## WHAT IS BEING ASKED
Your response to the data below should hold nothing except the lines from the one containing "Destaque em braços" down to the one containing "un restaurant avec", reproduced exactly and without pictures.

## AVAILABLE DATA
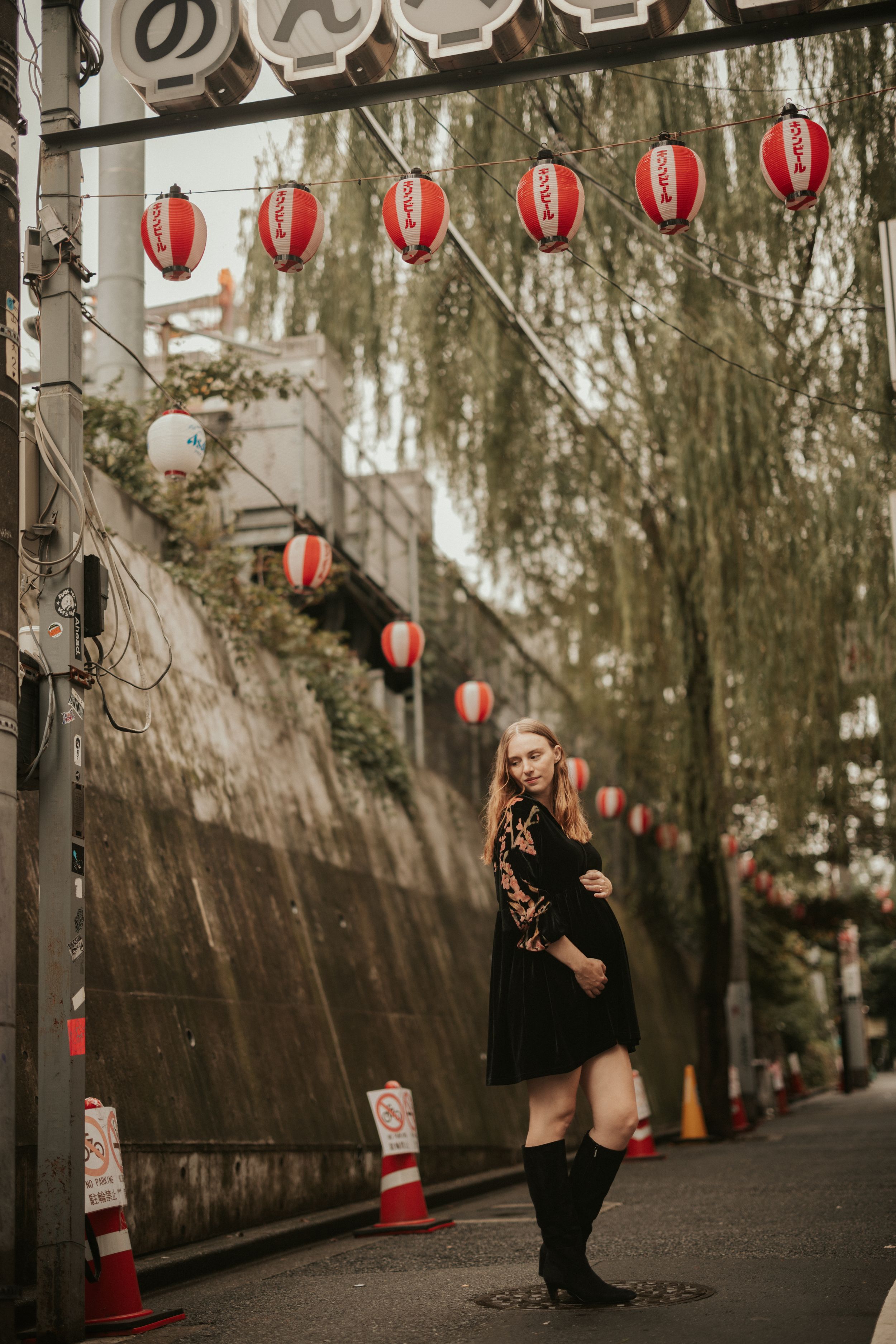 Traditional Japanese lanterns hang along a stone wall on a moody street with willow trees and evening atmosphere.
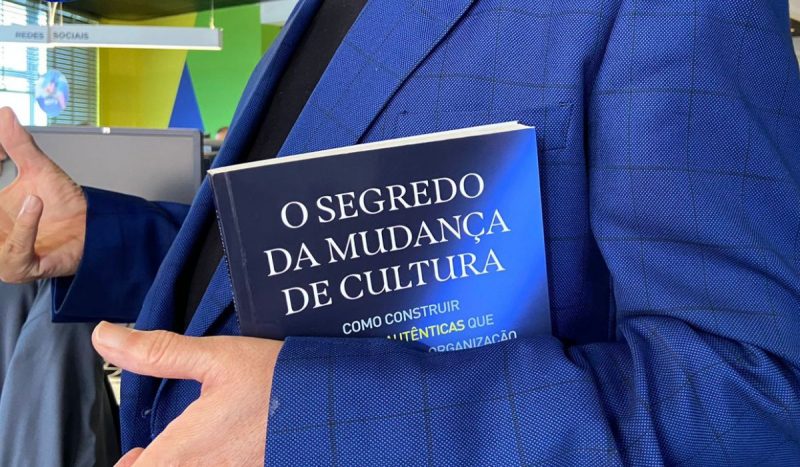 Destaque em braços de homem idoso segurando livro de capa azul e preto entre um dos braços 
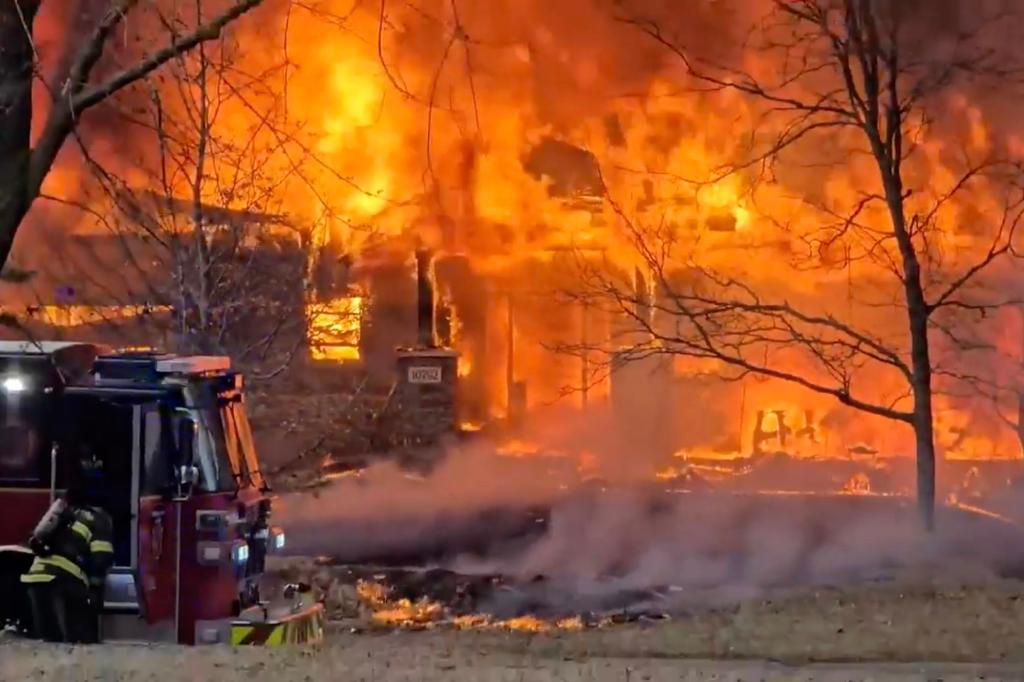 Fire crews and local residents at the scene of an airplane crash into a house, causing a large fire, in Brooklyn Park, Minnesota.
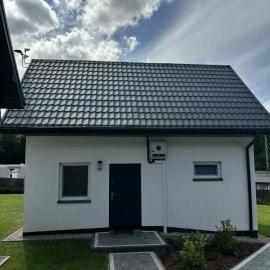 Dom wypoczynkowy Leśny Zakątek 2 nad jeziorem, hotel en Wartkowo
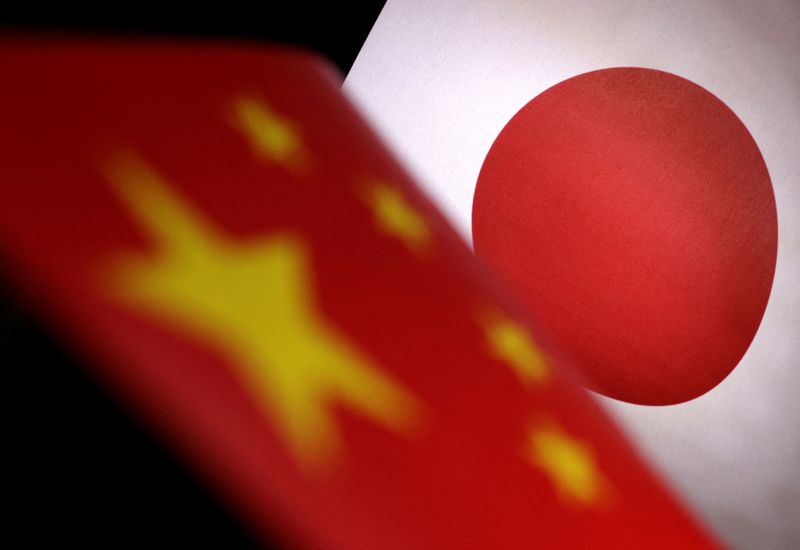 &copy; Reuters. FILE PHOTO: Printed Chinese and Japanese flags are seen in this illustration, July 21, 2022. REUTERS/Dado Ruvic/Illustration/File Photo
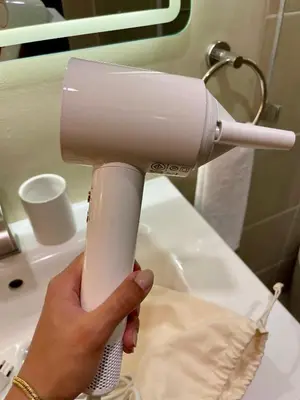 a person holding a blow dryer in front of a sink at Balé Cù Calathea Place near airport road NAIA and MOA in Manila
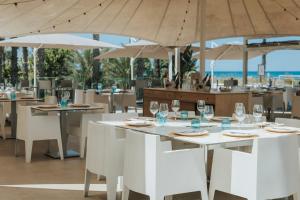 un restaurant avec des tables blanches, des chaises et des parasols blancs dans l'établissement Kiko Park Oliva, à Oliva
...
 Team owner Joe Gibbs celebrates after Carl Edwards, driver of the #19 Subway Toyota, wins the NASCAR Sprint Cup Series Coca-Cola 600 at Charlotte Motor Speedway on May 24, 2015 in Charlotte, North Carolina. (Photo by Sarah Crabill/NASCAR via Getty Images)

## OUTPUT OF THE EXERCISE
 Destaque em braços de homem idoso segurando livro de capa azul e preto entre um dos braços 
 Fire crews and local residents at the scene of an airplane crash into a house, causing a large fire, in Brooklyn Park, Minnesota.
 Dom wypoczynkowy Leśny Zakątek 2 nad jeziorem, hotel en Wartkowo
 &copy; Reuters. FILE PHOTO: Printed Chinese and Japanese flags are seen in this illustration, July 21, 2022. REUTERS/Dado Ruvic/Illustration/File Photo
 a person holding a blow dryer in front of a sink at Balé Cù Calathea Place near airport road NAIA and MOA in Manila
 un restaurant avec des tables blanches, des chaises et des parasols blancs dans l'établissement Kiko Park Oliva, à Oliva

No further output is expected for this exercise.